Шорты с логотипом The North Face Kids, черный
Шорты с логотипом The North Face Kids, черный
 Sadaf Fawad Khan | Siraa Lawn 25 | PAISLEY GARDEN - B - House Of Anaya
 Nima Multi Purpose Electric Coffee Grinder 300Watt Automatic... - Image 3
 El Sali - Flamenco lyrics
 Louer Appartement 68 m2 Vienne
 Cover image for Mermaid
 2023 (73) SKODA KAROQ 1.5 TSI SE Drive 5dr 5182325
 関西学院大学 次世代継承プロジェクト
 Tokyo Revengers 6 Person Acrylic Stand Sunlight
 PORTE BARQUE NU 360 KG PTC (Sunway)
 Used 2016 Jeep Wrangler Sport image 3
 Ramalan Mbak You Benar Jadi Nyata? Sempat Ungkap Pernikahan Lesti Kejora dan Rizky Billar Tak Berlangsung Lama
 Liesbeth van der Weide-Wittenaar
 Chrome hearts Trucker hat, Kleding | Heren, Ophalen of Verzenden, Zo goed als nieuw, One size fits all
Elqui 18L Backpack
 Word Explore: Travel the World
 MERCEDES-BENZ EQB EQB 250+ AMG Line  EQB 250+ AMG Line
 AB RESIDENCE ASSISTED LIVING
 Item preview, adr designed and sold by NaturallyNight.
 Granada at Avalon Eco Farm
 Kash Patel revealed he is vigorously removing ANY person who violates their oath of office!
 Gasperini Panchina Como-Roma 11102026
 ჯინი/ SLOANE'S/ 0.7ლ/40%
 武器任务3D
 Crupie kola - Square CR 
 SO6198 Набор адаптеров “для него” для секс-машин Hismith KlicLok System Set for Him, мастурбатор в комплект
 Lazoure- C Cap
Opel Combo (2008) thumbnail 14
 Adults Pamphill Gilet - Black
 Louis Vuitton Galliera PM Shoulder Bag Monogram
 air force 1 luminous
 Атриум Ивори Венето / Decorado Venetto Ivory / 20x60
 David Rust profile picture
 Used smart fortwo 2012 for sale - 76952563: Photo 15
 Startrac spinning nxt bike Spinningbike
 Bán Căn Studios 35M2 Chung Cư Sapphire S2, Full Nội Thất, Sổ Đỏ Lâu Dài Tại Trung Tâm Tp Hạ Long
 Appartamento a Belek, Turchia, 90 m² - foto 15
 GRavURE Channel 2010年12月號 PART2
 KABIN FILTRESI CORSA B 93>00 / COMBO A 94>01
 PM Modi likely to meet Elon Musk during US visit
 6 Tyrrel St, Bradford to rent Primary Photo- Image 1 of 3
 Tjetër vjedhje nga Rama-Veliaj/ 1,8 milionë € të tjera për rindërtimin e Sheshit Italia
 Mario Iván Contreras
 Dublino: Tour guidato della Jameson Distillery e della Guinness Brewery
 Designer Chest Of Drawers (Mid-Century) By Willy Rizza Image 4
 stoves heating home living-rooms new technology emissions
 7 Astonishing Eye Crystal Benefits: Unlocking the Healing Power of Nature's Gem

###

**WHAT YOU ARE ASKED TO DO:**
The answer must be a verbatim transcription of the entries above, from the first line through the line that contains "Tokyo Revengers 6", and nothing more.

**EXERCISE OUTPUT:**
Шорты с логотипом The North Face Kids, черный
Шорты с логотипом The North Face Kids, черный
 Sadaf Fawad Khan | Siraa Lawn 25 | PAISLEY GARDEN - B - House Of Anaya
 Nima Multi Purpose Electric Coffee Grinder 300Watt Automatic... - Image 3
 El Sali - Flamenco lyrics
 Louer Appartement 68 m2 Vienne
 Cover image for Mermaid
 2023 (73) SKODA KAROQ 1.5 TSI SE Drive 5dr 5182325
 関西学院大学 次世代継承プロジェクト
 Tokyo Revengers 6 Person Acrylic Stand Sunlight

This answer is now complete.